EXERCISE DIRECTIONS: Below are some records; output exactly the lines from the line with "桃源山水一壶茶,里宝山上约起来(图6) 桃源山水一壶茶,里宝山上约起来(图6)" to the line with "Oxpapc Inhibits Lps", both ends kept, and nothing more.

DATA FOR THIS TASK:
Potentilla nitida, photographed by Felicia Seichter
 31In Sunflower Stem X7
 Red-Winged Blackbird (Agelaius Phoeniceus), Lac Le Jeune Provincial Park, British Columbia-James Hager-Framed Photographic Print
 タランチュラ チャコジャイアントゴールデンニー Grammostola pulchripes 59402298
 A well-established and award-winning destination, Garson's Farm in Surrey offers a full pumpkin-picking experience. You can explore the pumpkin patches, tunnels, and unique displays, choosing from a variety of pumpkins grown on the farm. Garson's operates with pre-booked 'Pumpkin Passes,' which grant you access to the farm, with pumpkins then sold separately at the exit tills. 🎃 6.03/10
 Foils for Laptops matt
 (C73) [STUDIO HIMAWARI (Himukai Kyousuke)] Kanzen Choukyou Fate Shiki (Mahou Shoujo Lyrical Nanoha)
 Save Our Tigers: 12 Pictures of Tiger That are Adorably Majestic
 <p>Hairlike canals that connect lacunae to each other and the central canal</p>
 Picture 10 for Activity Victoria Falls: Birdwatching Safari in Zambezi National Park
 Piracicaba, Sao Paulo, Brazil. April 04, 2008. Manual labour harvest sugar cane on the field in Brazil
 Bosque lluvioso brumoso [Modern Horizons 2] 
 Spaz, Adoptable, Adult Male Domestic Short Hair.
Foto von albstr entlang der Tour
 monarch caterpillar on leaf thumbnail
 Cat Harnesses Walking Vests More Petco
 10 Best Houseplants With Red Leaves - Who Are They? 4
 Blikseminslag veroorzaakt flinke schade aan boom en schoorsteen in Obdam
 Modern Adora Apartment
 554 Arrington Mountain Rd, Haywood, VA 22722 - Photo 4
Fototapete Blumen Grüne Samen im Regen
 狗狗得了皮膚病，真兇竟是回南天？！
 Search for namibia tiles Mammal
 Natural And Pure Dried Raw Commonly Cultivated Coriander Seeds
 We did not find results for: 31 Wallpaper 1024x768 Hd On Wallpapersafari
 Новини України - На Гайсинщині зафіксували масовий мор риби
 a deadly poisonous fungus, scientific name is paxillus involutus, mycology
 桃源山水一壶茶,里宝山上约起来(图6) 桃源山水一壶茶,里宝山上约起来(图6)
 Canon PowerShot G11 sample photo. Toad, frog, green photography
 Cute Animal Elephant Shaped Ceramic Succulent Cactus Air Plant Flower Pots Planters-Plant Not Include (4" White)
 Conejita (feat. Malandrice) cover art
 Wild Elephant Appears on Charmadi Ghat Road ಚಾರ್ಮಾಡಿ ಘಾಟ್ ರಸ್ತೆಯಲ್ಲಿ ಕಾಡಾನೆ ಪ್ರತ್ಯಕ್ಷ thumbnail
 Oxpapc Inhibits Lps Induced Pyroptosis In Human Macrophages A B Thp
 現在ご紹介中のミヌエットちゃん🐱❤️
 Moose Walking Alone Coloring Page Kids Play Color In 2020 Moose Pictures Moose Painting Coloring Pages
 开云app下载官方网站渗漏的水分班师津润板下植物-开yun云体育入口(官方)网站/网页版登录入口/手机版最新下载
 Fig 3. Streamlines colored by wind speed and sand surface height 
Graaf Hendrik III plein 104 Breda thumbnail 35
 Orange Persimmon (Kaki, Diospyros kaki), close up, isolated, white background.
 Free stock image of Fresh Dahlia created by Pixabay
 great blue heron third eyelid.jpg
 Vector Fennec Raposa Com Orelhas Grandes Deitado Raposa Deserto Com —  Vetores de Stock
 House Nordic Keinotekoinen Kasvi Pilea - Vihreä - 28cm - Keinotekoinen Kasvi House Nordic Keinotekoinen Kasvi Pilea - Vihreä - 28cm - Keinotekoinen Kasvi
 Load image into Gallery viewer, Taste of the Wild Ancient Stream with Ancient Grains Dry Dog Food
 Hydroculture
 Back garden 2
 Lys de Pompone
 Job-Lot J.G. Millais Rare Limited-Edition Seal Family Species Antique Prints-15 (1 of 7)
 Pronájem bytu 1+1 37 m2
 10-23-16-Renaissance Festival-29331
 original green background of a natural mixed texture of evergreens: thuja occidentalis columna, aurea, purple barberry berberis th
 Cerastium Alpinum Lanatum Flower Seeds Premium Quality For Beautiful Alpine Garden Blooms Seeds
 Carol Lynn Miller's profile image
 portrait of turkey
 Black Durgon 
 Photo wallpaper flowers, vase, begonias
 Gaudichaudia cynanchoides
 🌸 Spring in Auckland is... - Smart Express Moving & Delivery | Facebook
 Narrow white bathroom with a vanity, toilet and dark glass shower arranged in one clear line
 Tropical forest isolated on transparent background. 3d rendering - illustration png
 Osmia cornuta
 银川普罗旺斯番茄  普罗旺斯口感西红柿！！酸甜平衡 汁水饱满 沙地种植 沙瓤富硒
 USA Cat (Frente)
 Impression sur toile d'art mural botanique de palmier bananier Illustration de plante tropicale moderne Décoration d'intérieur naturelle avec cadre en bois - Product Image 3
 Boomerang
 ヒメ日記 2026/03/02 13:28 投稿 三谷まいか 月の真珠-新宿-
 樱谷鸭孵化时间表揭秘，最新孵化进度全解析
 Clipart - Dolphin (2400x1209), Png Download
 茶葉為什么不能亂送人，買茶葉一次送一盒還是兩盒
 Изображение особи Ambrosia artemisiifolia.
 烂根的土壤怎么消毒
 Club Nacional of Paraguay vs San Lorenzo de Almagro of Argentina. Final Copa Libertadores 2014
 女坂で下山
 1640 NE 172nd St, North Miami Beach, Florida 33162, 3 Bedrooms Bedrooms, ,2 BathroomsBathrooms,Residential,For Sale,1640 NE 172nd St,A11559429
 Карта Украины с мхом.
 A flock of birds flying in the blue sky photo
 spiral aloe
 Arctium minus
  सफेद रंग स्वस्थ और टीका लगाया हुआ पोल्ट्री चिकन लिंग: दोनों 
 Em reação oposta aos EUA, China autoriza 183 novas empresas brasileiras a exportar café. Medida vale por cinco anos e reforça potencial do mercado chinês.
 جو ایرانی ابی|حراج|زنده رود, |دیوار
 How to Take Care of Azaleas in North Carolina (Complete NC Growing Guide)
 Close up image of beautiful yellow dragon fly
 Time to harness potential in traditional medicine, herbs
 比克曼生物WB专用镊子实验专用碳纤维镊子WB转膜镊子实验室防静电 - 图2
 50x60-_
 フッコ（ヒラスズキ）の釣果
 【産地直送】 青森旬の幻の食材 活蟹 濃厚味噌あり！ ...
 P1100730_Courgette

SOLUTION TO THE PROBLEM:
 桃源山水一壶茶,里宝山上约起来(图6) 桃源山水一壶茶,里宝山上约起来(图6)
 Canon PowerShot G11 sample photo. Toad, frog, green photography
 Cute Animal Elephant Shaped Ceramic Succulent Cactus Air Plant Flower Pots Planters-Plant Not Include (4" White)
 Conejita (feat. Malandrice) cover art
 Wild Elephant Appears on Charmadi Ghat Road ಚಾರ್ಮಾಡಿ ಘಾಟ್ ರಸ್ತೆಯಲ್ಲಿ ಕಾಡಾನೆ ಪ್ರತ್ಯಕ್ಷ thumbnail
 Oxpapc Inhibits Lps Induced Pyroptosis In Human Macrophages A B Thp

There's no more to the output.